In short, a pig is not a cow, chicken, lamb or bird. In the latter four animals, the texture and flavor of the meat remains more or less consistent throughout albeit each cut differs in quality. For instance, in bird we see light and dark meat, but the textures remain similar. In beef we see tougher or tenderer selections, but we easily recognize both the underlying texture and flavor of beef.
The delicate nature of the loin continued to puzzle Miss Brannock. It could not withstand heavy smoke or preserving salt that the cuts which she loved could. Her teeth could not pull a chop with the satisfaction that they could pull the melting strands of muscle found in the shoulder. Miss Brannock desperately wanted the loin to taste like the lower cuts of the pig, earthy and decadent, and that is where she made her mistake.

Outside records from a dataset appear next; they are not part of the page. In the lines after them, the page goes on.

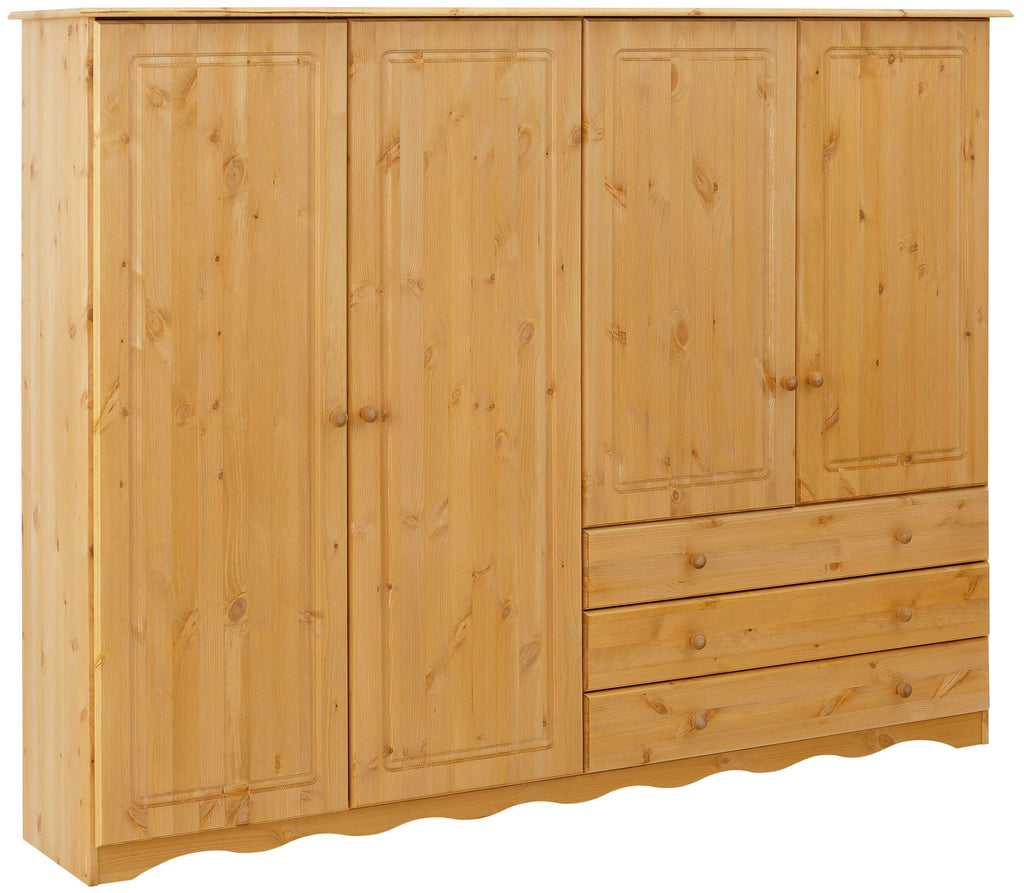 Wäscheschrank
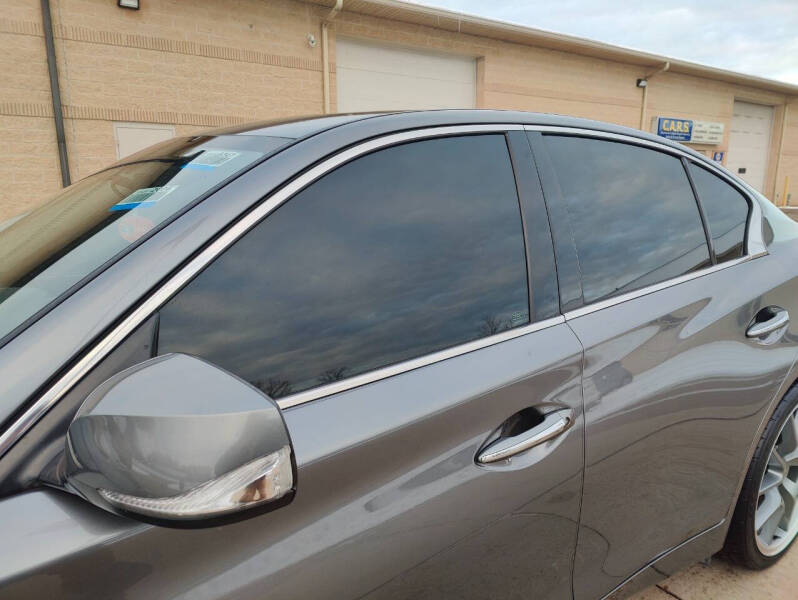 2018 Infiniti Q50 2.0T Luxe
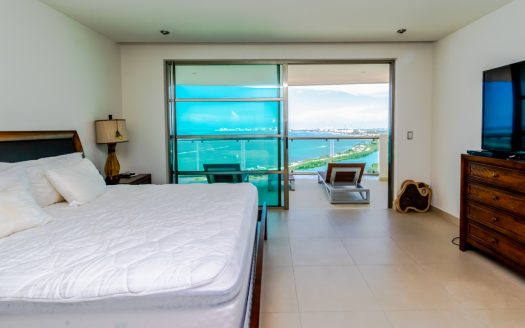 Exclusivo departamento en Venta en Novo Cancún, Puerto Cancún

After thirteen years of renouncing the upper portions of pig, Miss Brannock realized the multiple realities of the pig and resolved again to try a piece of the loin. She came to terms that the loin was, indeed, its own masterpiece and that she should observe it as such. She should not expect it to embody any principles or definitions but its own. With an open heart and curious mind, she cut into an ancho-encrusted pork chop, chewed, swallowed and appreciated the chop for its unique brand of “porky goodness”: understated, simple, elegant.
After thirteen years of fretting, Miss Brannock’s mother and father sighed in great relief that their daughter had reconciled with the staple animal of the South.
The knife and fork willingly carved more muscle from bone at Nelson Miller’s farm-to-fork at Silt. Subtle richness of the chop complemented the refined acidic spice in the collard greens. Previous to the pork chop, the knife and fork had enjoyed a cube-shaped piece of belly over house-made pimento macaroni and cheese for the first course.
“Deciding to like pork was a good career move for me,” I said as I went happily from the low to high on the hog in one meal. How appropriate that I eat my first pork chop outside this home at Silt, named for sediment settling quietly at the bottom of the riverbed, for my restless controversy with the pig has alighted in the past and will not travel with me any farther.